DATASET EXCERPT START

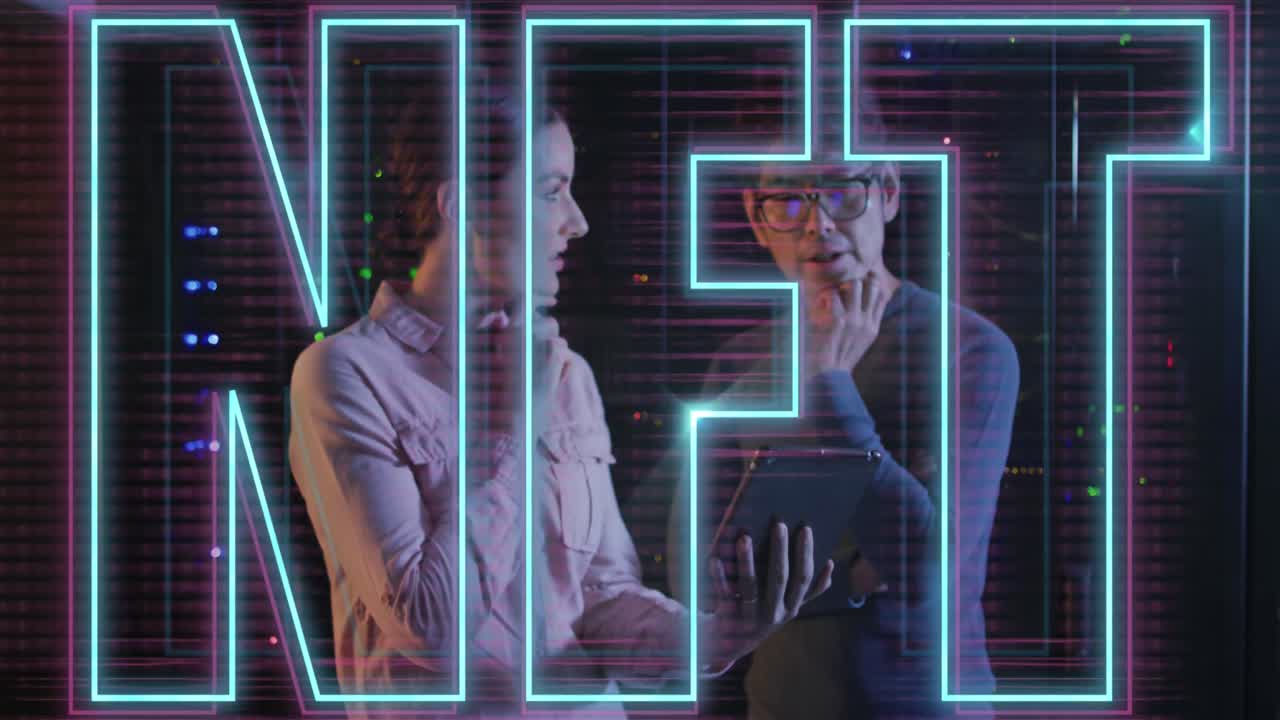 animación del texto de nft sobre una pareja diversa usando una tableta en la sala del servidor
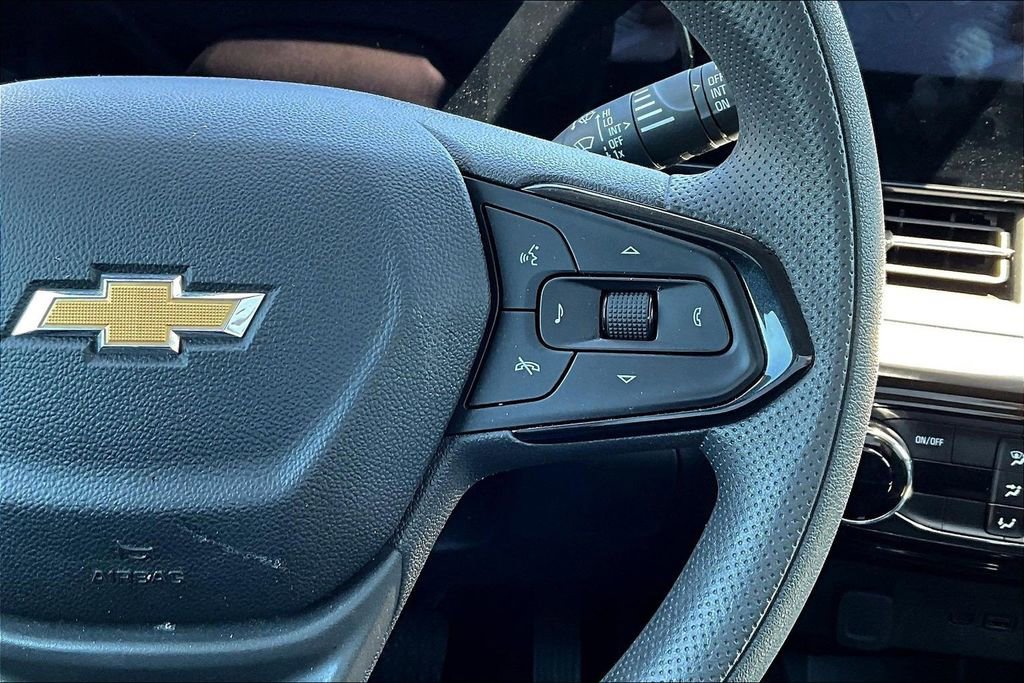 Used 2025 Chevrolet Trax LT FWD image 11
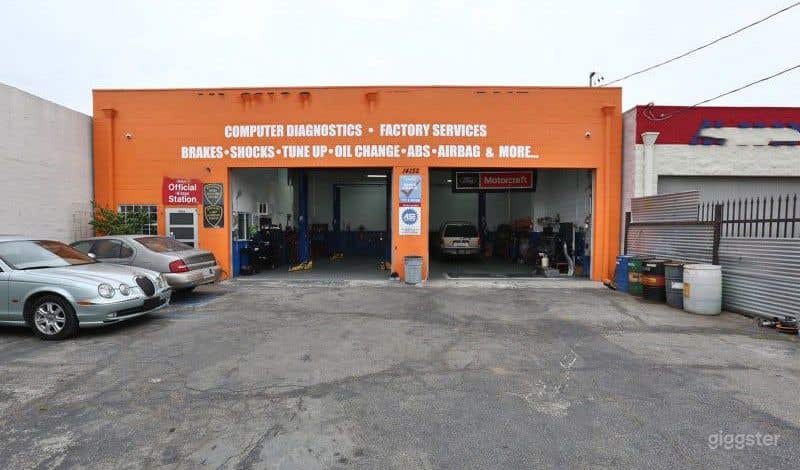 Massive Automotive Repair Shop Perfect for Productions Photo 4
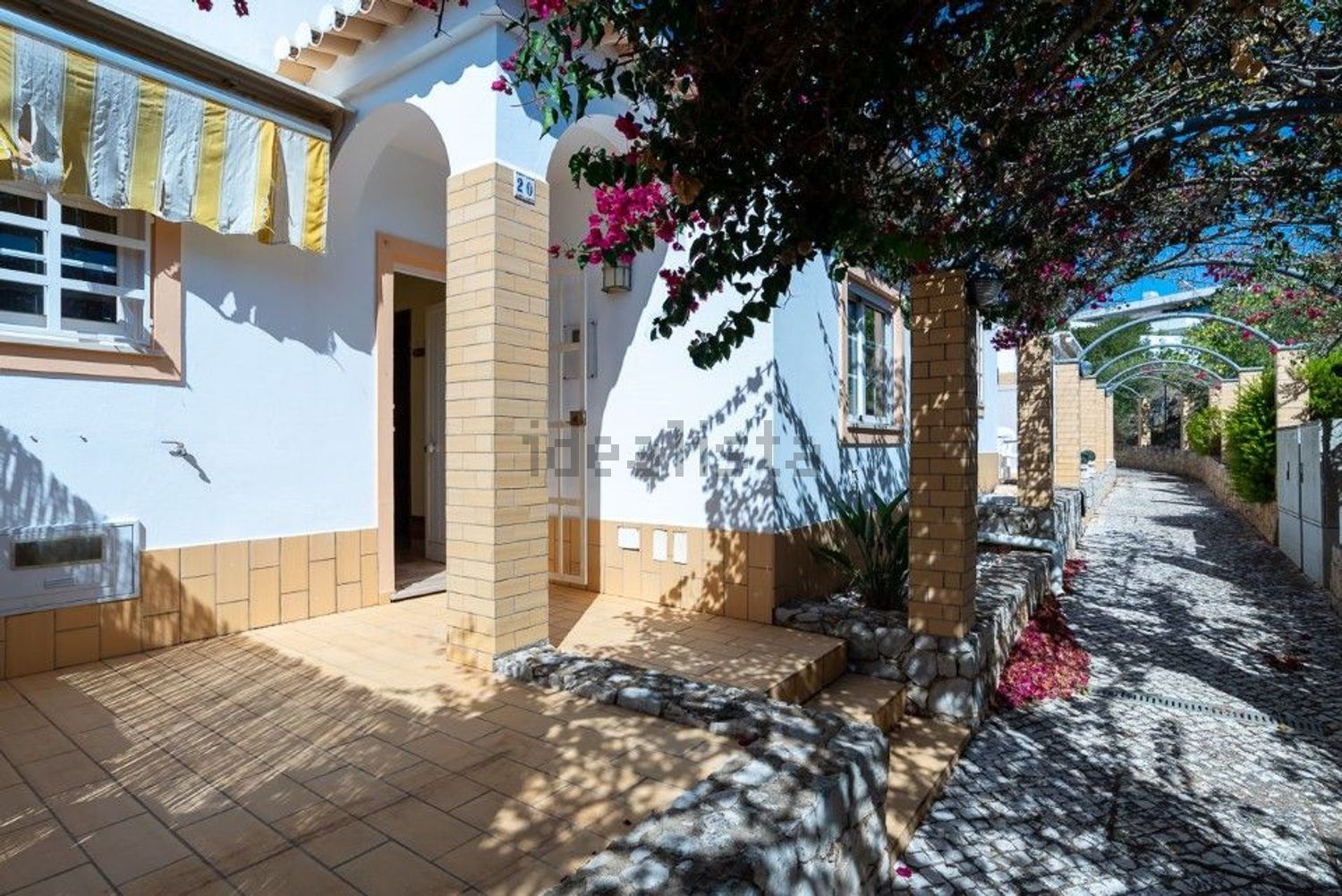 联排别墅出售在Estrada de Montes de Alvor s/n - 外立面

DATASET EXCERPT END

EXERCISE
Please output the entire listing above verbatim and omit its images.

RESPONSE
 animación del texto de nft sobre una pareja diversa usando una tableta en la sala del servidor
 Used 2025 Chevrolet Trax LT FWD image 11
 Massive Automotive Repair Shop Perfect for Productions Photo 4
 联排别墅出售在Estrada de Montes de Alvor s/n - 外立面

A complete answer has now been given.